__Directions for this task__:
Print the data exactly. Omit the pictures.

__Collected material__:
BEGIN

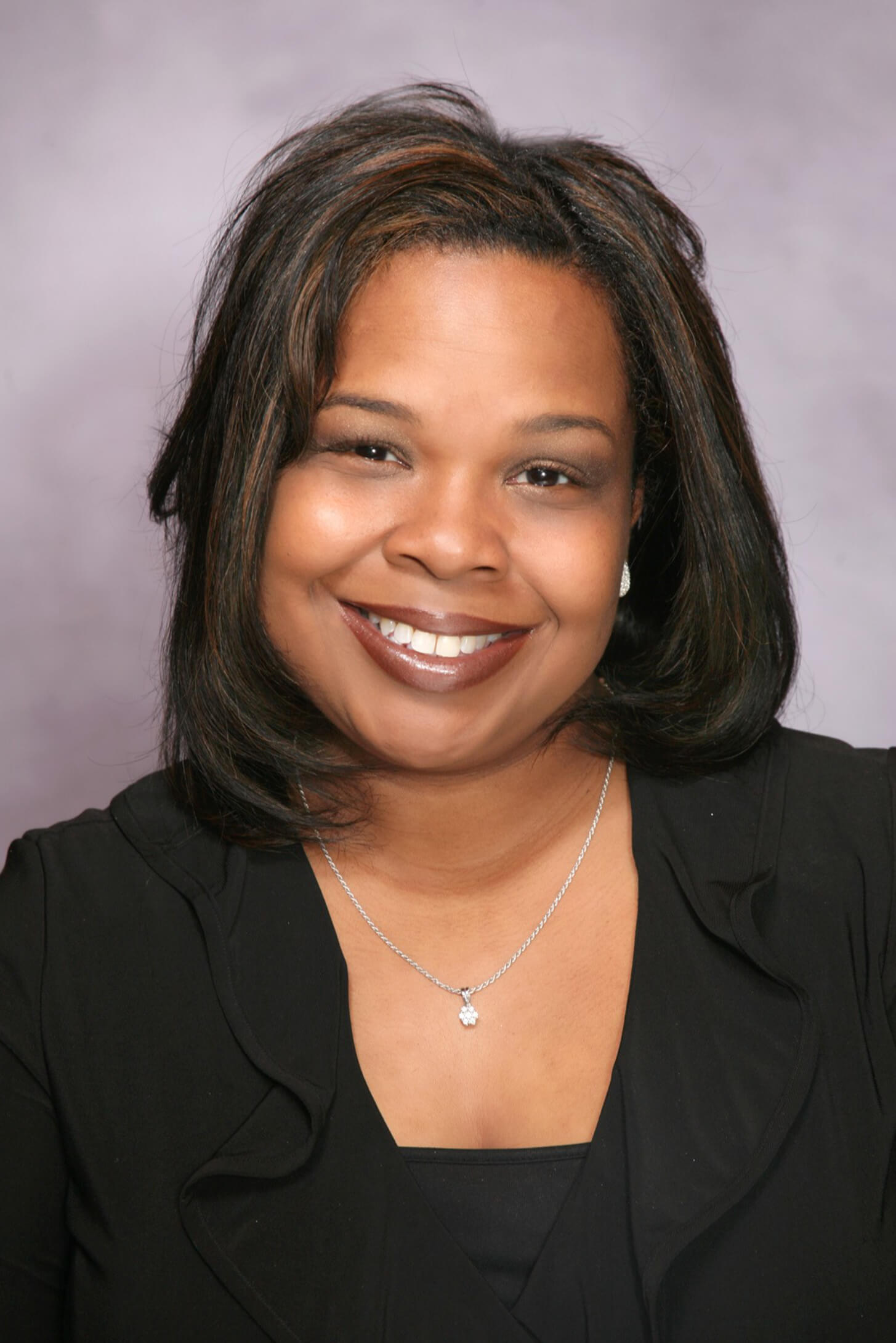 Angela Shumpert Headshot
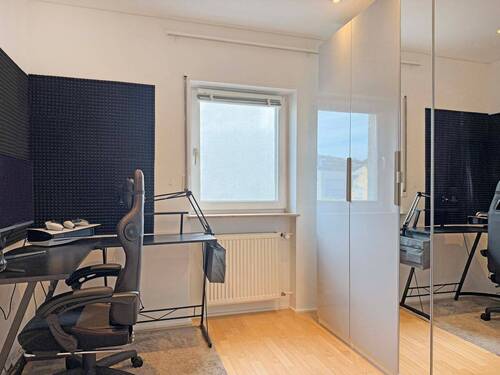 Kinderzimmer/Büro - 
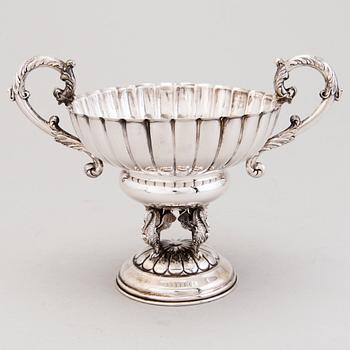 A Spanish footed silver bowl, 20th Century.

END

__Finished exercise__:
 Angela Shumpert Headshot
 Kinderzimmer/Büro - 
 A Spanish footed silver bowl, 20th Century.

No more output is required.